Short descriptive text snippets:
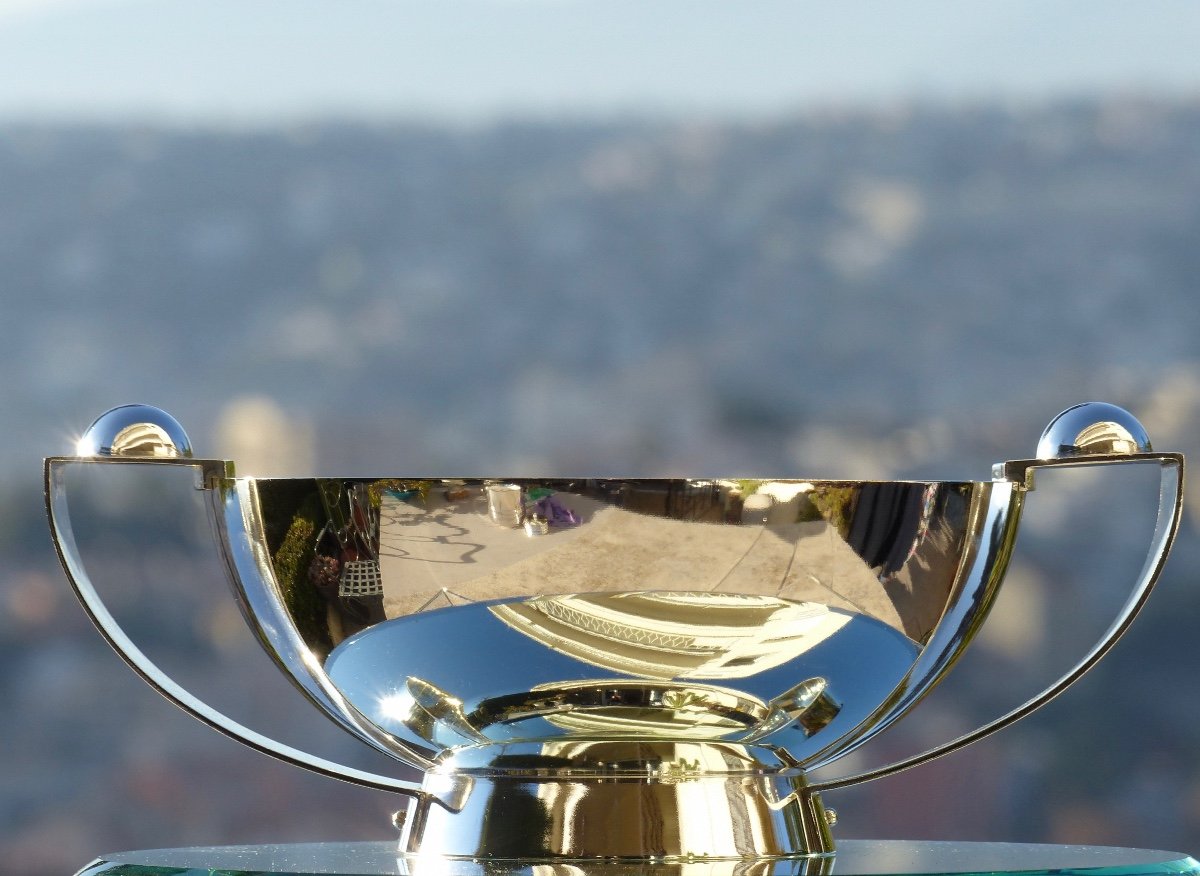 Coupe Fjerdingstad Art Deco Christofle -photo-2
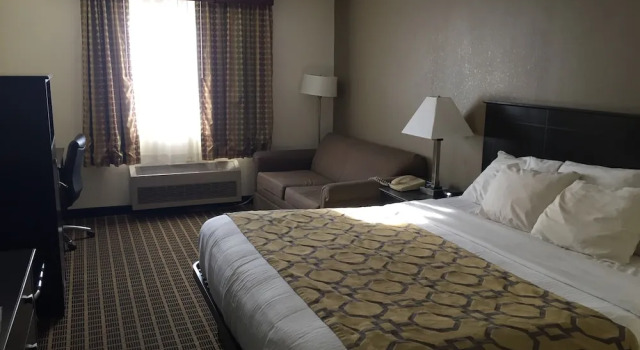 Двухместный номер Standard Baymont by Wyndham Harvard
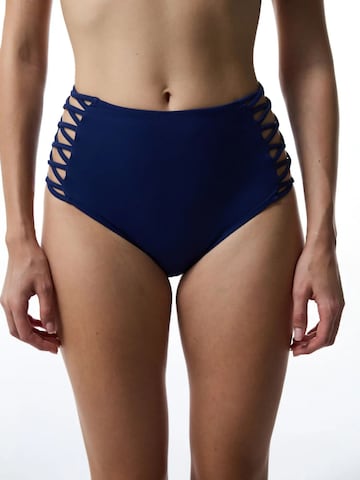 Bas de bikini Penti en bleu : devant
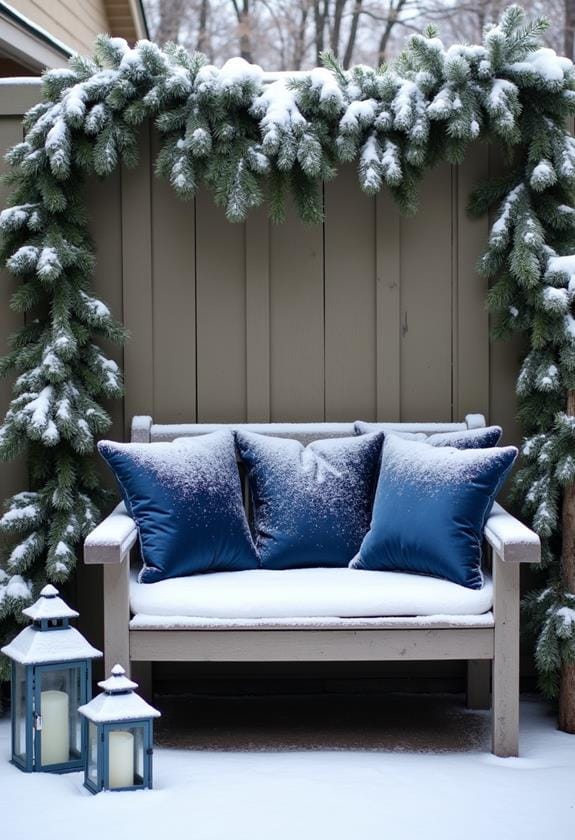 durable outdoor fabric details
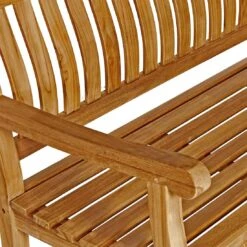 OUTLIV. Bretagne Gartenbank Natur -GartenMöbelPro Verkäufe outliv bretagne 3 sitzerbank 180 cm teak natur 1346623 6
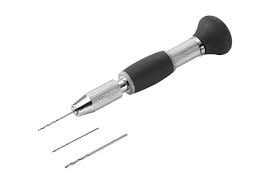 Hand drill (with 3 supplied bits) Kits and landscapes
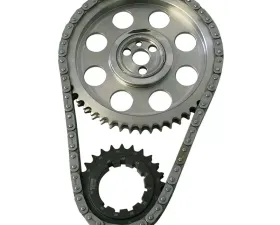 Howards Cams Double Roller Timing Chain Set; Chevy 454-502 (Gen 6) 9-Keyway 94309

Problem requirements:
Copy the entries exactly. Leave out the images.

Result of this task:
 Coupe Fjerdingstad Art Deco Christofle -photo-2
 Двухместный номер Standard Baymont by Wyndham Harvard
 Bas de bikini Penti en bleu : devant
 durable outdoor fabric details
 OUTLIV. Bretagne Gartenbank Natur -GartenMöbelPro Verkäufe outliv bretagne 3 sitzerbank 180 cm teak natur 1346623 6
 Hand drill (with 3 supplied bits) Kits and landscapes
 Howards Cams Double Roller Timing Chain Set; Chevy 454-502 (Gen 6) 9-Keyway 94309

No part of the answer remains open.